Heavy equipment continues to operate on the Corbin Property, but that activity may soon stop on the property located at the corner of Gallows and Idlywood Roads.
In 2003, the 7.7-acre property, which is also know as the "Goat Farm," was rezoned to allow two houses per acre in a cluster development. Clustering allows the same number of houses — in this case 14 — to be built on smaller lots than would normally be permitted in order to preserve environmental features.
The environmental features to be preserved on the Goat Farm were two separate stands of trees. Some of the trees that were to have been saved have been cut down.
The number of trees that have been removed is so high that Barbara Byron, director of the Fairfax County Department of Planning and Zoning has found that the developer, John Batal, is no longer in "substantial conformance" with the terms of the rezoning.
In a Jan. 24 memo to Supervisor Linda Smyth (D-Providence), Byron wrote: "there were no other environmental features on the site worthy of preservation that could justify a cluster development, except for the trees."
Byron later pointed to a 28-percent decrease in the area that had been designated for tree preservation, and that the damage done to the roots of trees that are still standing may result in future tree loss exceeding the 28 percent figure.
These findings, Byron wrote, make the cluster untenable. "The rezoning for the cluster development was based on those commitments and the expectation that mature quality trees, as well as others would be preserved. Without such commitments, it is unlikely that the developer could have justified approval of a cluster development," the memo said.
The remedy, Byron suggested, remains with the Board of Supervisors. "It is apparent that legislative action of the Board of Supervisors must be secured by the property owner in order to rectify this situation," Byron wrote.
The question is now what form that action will take. A stop work order has not been issued, upsetting at least one neighbor. "I find it a little perplexing that a week after the ruling has been issued, the work continues on the site unabated," said Mike Cavin.
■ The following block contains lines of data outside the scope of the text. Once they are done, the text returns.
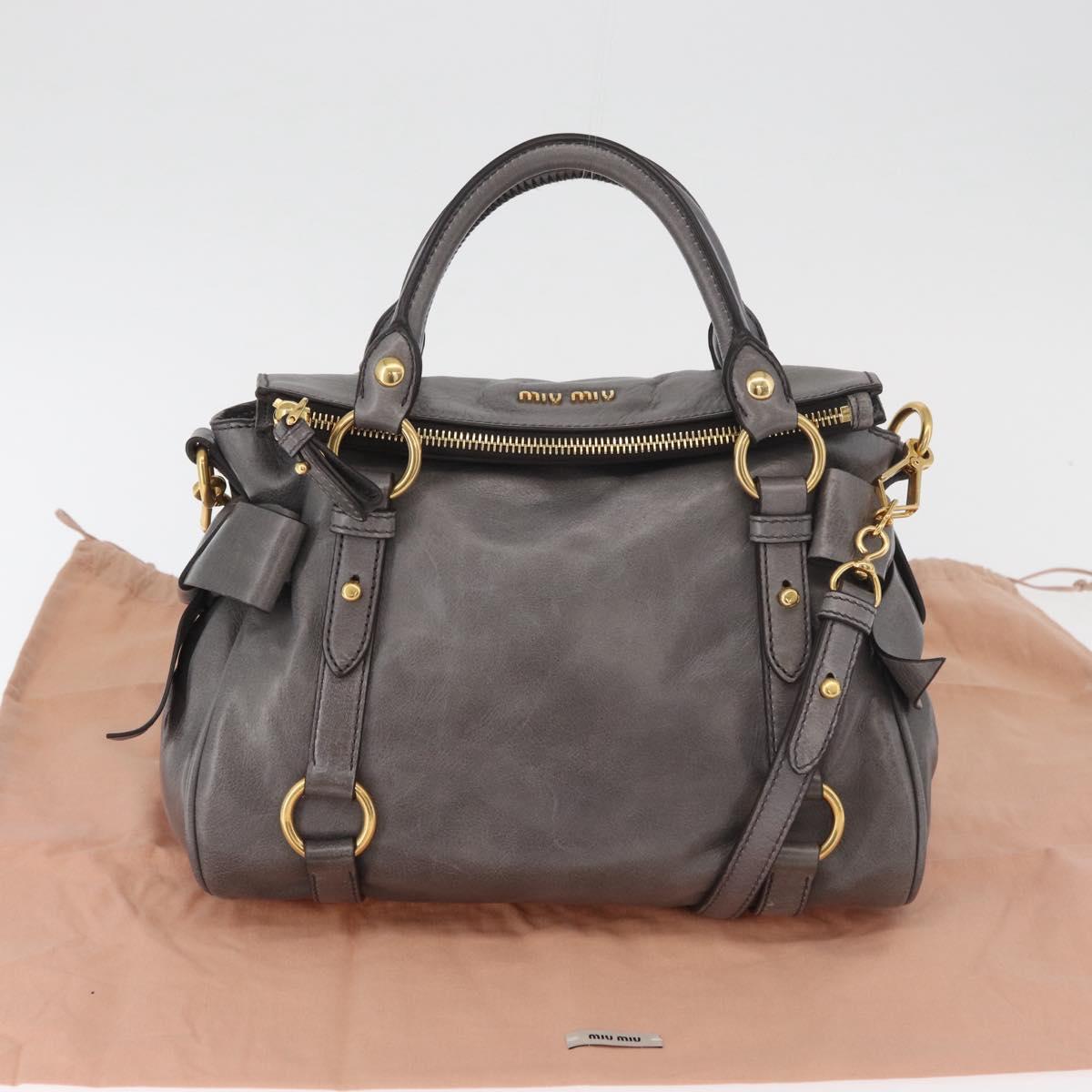 Miu Miu Hand Bag Leather 2way Gray Gold Auth yk20442SAM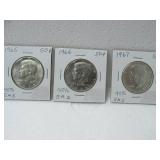 3 Silver Kennedy Half Dollars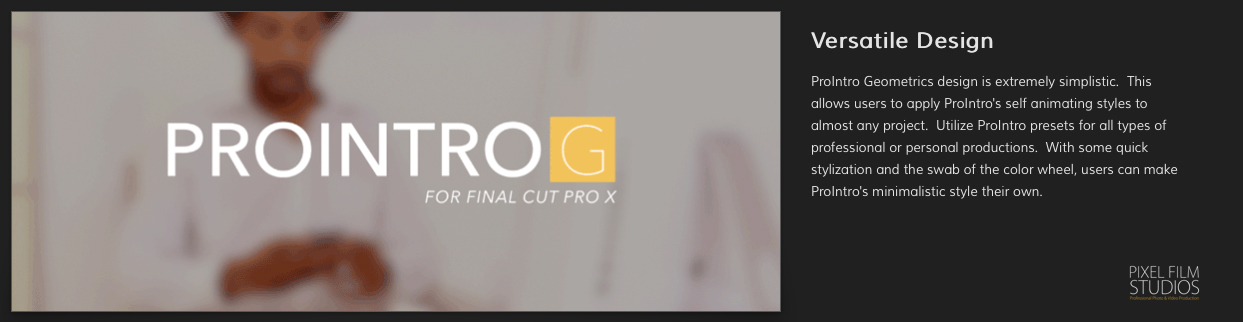 ProIntro GeoMetric Final Cut Pro X Intro Plugin from Pixel Film Studios for FCPX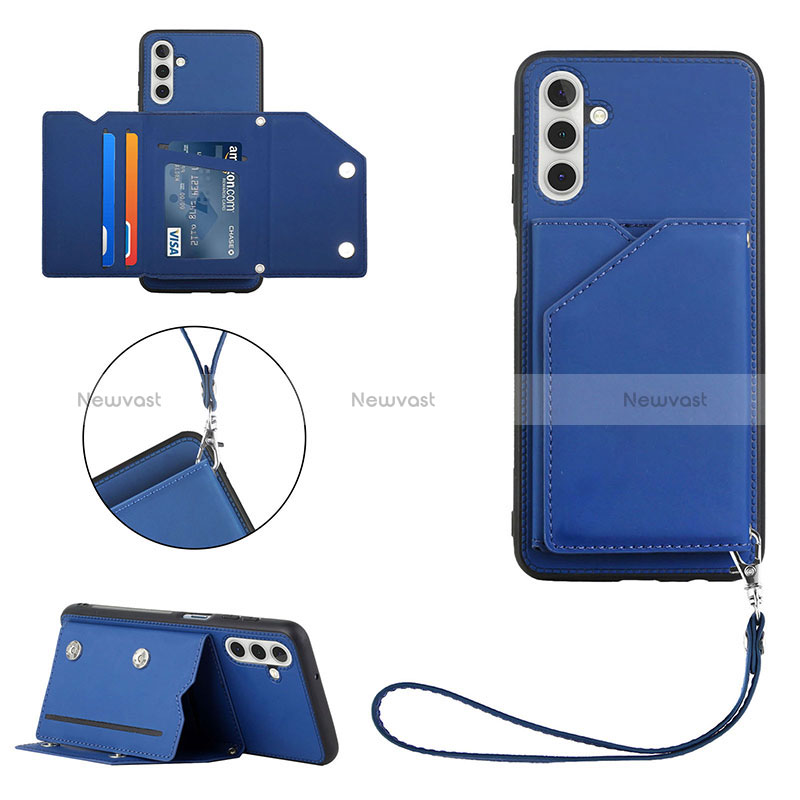 Soft Luxury Leather Snap On Case Cover Y03B for Samsung Galaxy A13 5G Blue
Cavin, who lives near the site, has been involved in the rezoning of the Goat Farm from the beginning of the process.
SMYTH SAID that no further permits will be issued, but a violation will be. "[The Department of Planning and] Zoning is putting together their letter of violation," Smyth said. Work will be permitted to continue on the facets of the development which have been authorized, no further work will be.
So far, a permit has been issued for the subdivision construction plan, said Linda Capo, chief of the Site Permits and Address Center. This permit, granted on Sept. 10, 2004, will allow the preparation of the various housing sites, and installation of sewer mains, streets, sidewalks, curb and gutter and storm drainage.
Another permit has been issued to "cap off" or disconnect the sewer service to the existing house. The permit to demolish the house has been applied for, but it has not yet been issued.
In spite of the lack of conformance, the zoning will stand. "We cannot rescind the zoning," Smyth said. Under state law, only a few circumstances exist in which a zoning can be taken back, and this does not qualify, she said.
What the county can do is have Batal apply for a "Proffer Condition Amendment," Smyth said. "The idea is that they have to come back," she said. The process will require a public hearing before both the Planning Commission and the Board of Supervisors.
Batal did not return the Connection's calls for comment.